Un claro ejemplo lo hemos tenido en el frustrado intento del gobierno de cortar de manera inmediata y radical el endeudamiento de los ayuntamientos. Fue salir el pobre Zapatero con la propuesta y lograr la unanimidad. Todos los ediles del país, sin importar la adscripción política, se le echaron encima. Porque, aunque el símbolo del poder de un alcalde sea su bastón, su verdadera varita mágica es la chequera. Con ella se pagan favores, se aseguran apoyos y se compran votos. Sin ella, la alcaldía pierde todo su atractivo.

No puedes colocar a los hijos de los amigos. No puedes dar contratos sustanciosos a las empresas de tus colegas. No te ríen las tonterías ni te aplauden las perogrulladas ni te invitan en los bares. Sin chequera, un alcalde no es más que un funcionario interino y, para eso, no merece la pena meterse en política. Y no es que no sea imprescindible un plan de austeridad para los ayuntamientos españoles, cuya deuda alcanza la astronómica cifra de treinta mil millones de euros. Haber logrado acumular un pufo de semejante categoría a pesar de las importantes ayudas europeas y nacionales y del fuerte incremento de ingresos durante el boom de la construcción no ha tenido que ser fácil. Han sido necesarios niveles de megalomanía, corrupción e incompetencia enormes. Ha hecho falta pagar muchos apoyos nombrando concejales de hacienda (liberados y con buenos sueldos, por supuesto) a politiquillos que nunca habían estado, ni siquiera, cerca de un libro de contabilidad y que lo único que habían leído del «pasivo» había sido en las páginas de contactos, y concejales de urbanismo a individuos que no eran capaces de distinguir entre un PERI y una manzana.

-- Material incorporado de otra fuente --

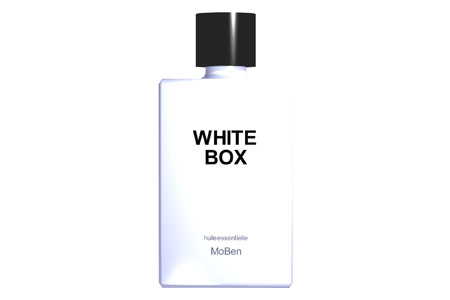 White Box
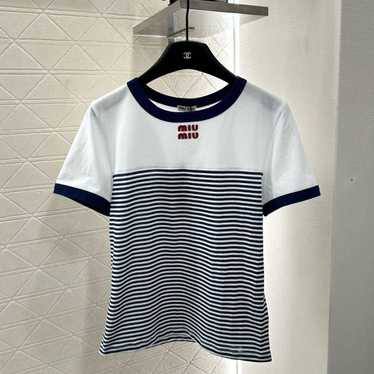 Miu miu t-shirt s - Gem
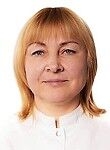 Огнерубова Наталья Павловна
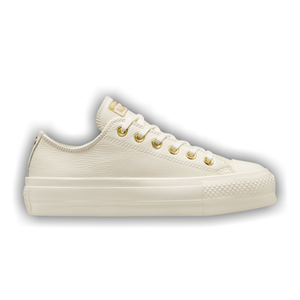 Converse Wmns Chuck Taylor All Star Lift Platform Low 'Gold'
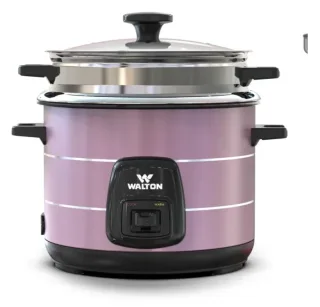 Walton Rice Cooker 1.8L – Gloria Deluxe — 2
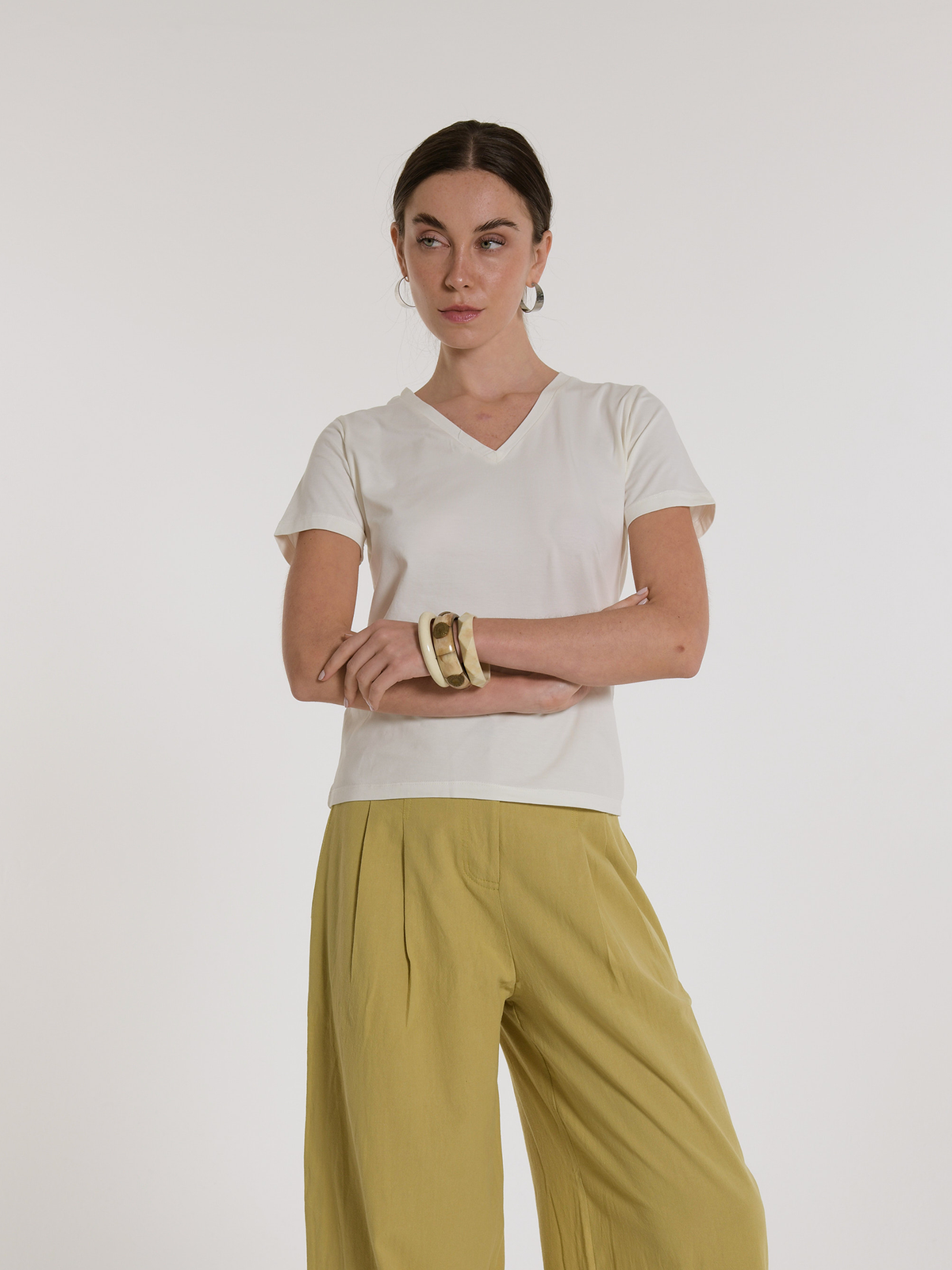 REMERA PANDORA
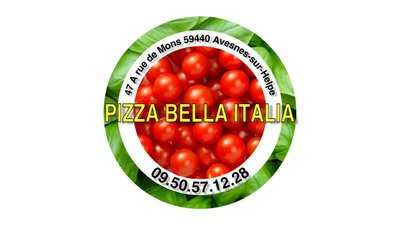 Pizza Bella Italia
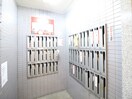 建物設備 ノアーズアーク博多北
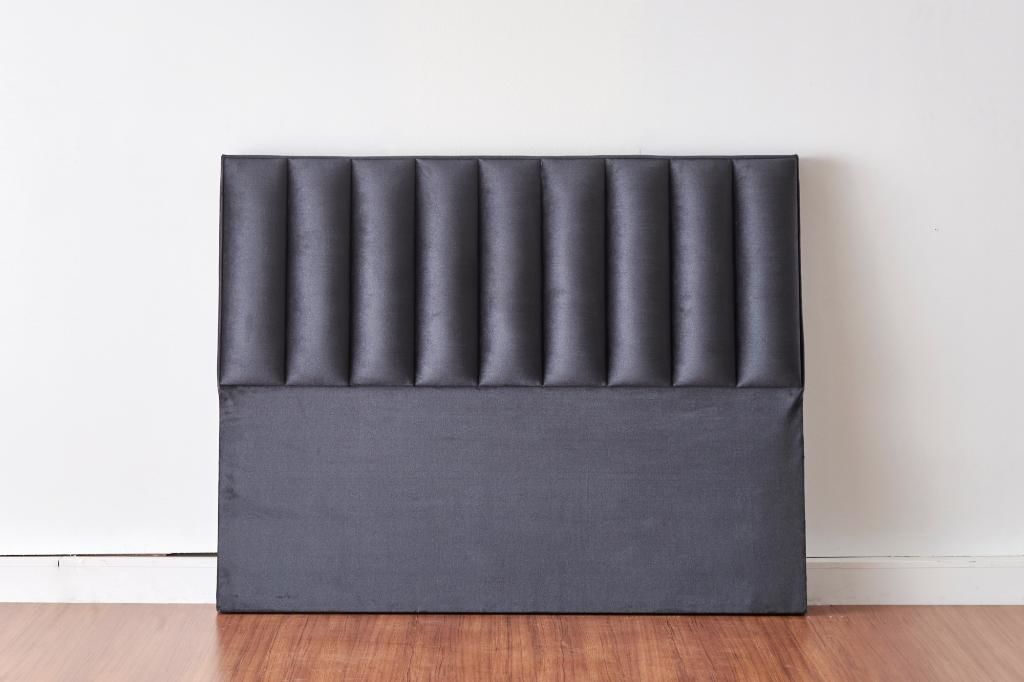 Natura 120x200 Tek Kişilik Baza Başlığı MBL1307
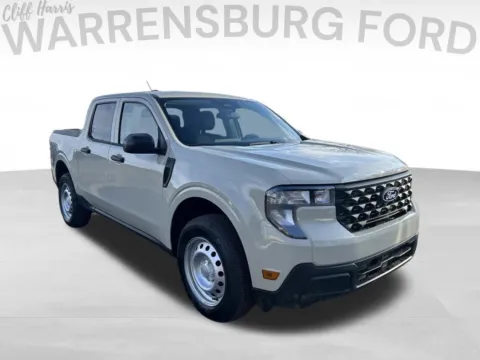 Brown 2025 Ford Maverick XL for sale in Warrensburg, MO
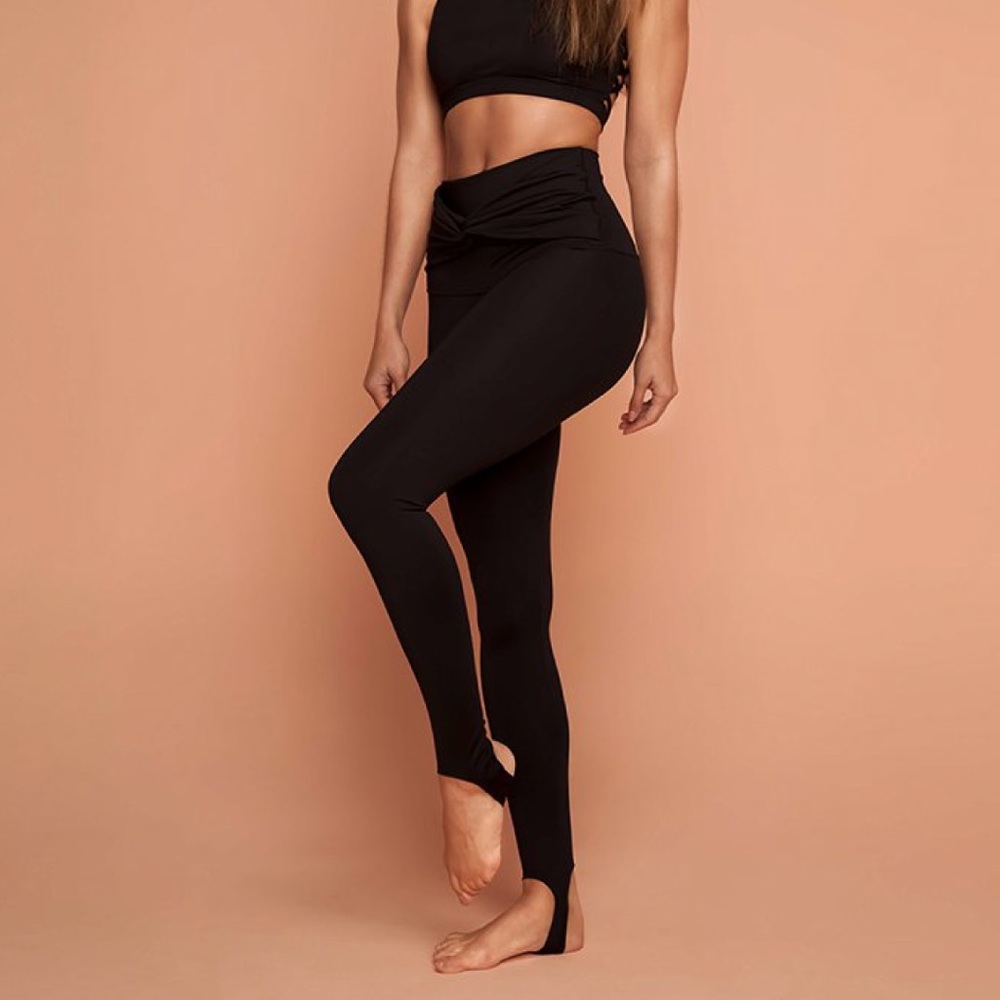 Nudo Legging
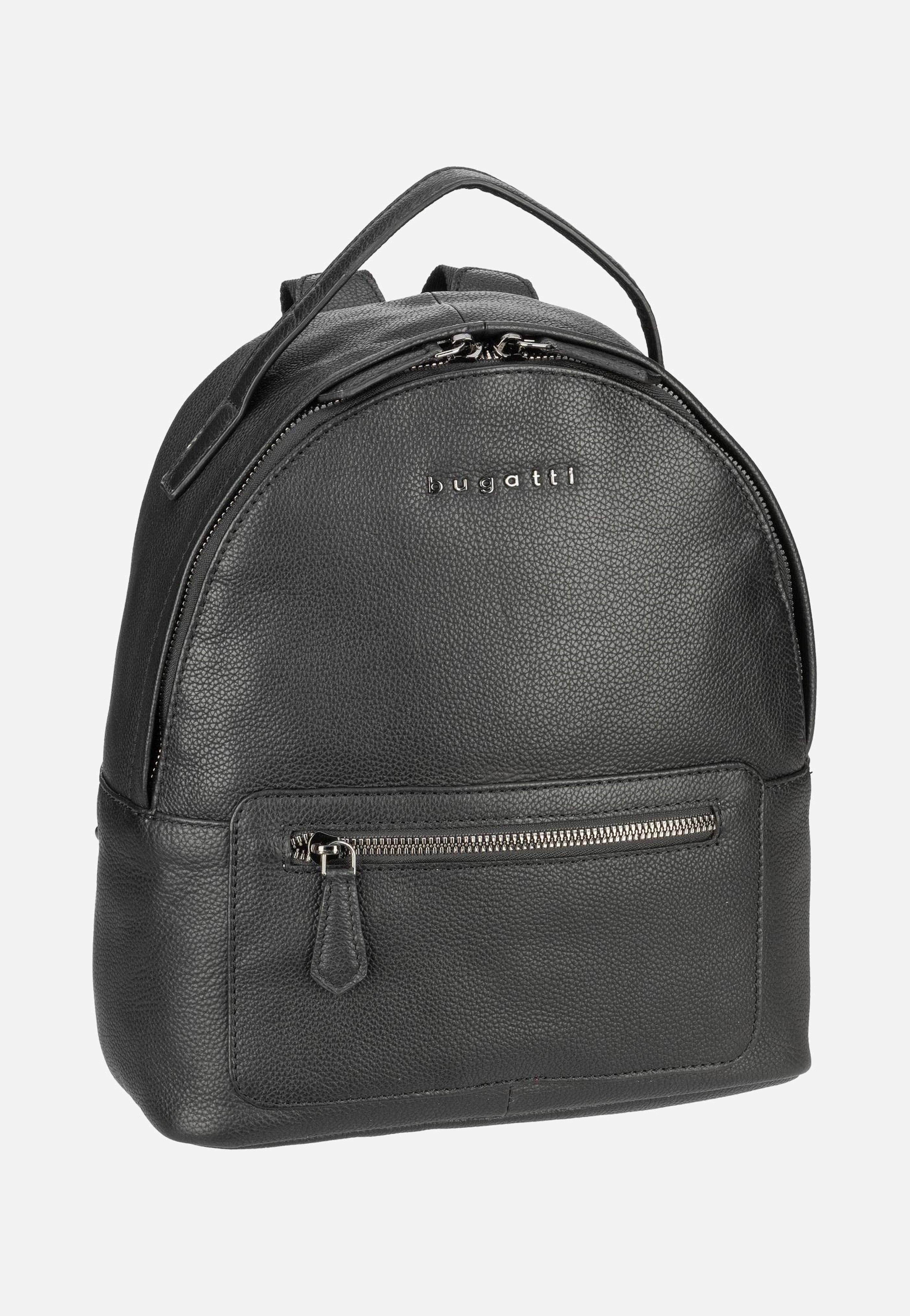 Bella Schwarz - Rucksack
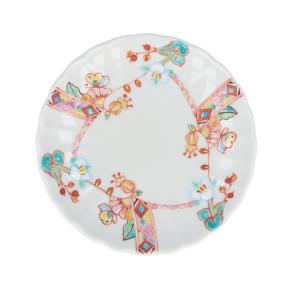 iittala（イッタラ） おとぎの森 サツメッサ Satumetsa 食器 3種6点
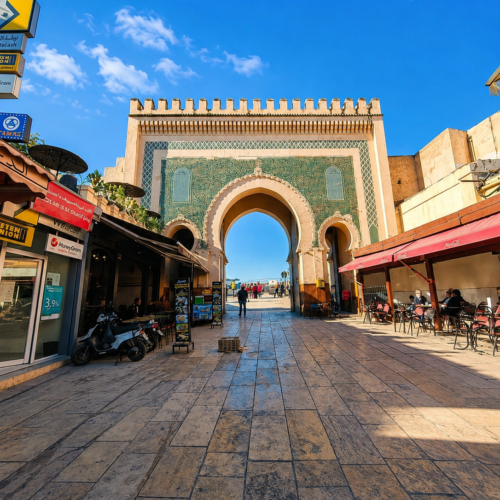 PRIVATE TRANSFERS FROM FES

Ha sido necesario colocar a dedo a un montón de colegas mientras se privatizaban los servicios públicos, adjudicándolos a dedo a otros colegas, de manera que cada vez hubiera más gente haciendo menos. Han tenido que comprarse muchas baldosas y muchas farolas a precio de amigo. Han tenido que excavarse muchas zanjas, taparlas, volver a abrirlas y volver a taparlas, una y otra vez. Han hecho falta muchas recalificaciones provechosas y muchas expropiaciones ruinosas. Han tenido que erigirse muchas obras faraónicas, tan pretenciosas como inútiles, a mayor gloria del reyezuelo de turno. Han sido necesarios muchos viajes oficiales, muchos banquetes a cuenta del erario público y muchos libros de autopropaganda. Ha sido necesario, en fin, que una horda de políticos haya tomado por asalto los ayuntamientos, los hayan saqueado a conciencia y se haya repartido alegremente el botín, sin que los ciudadanos hayamos hecho nada por evitarlo.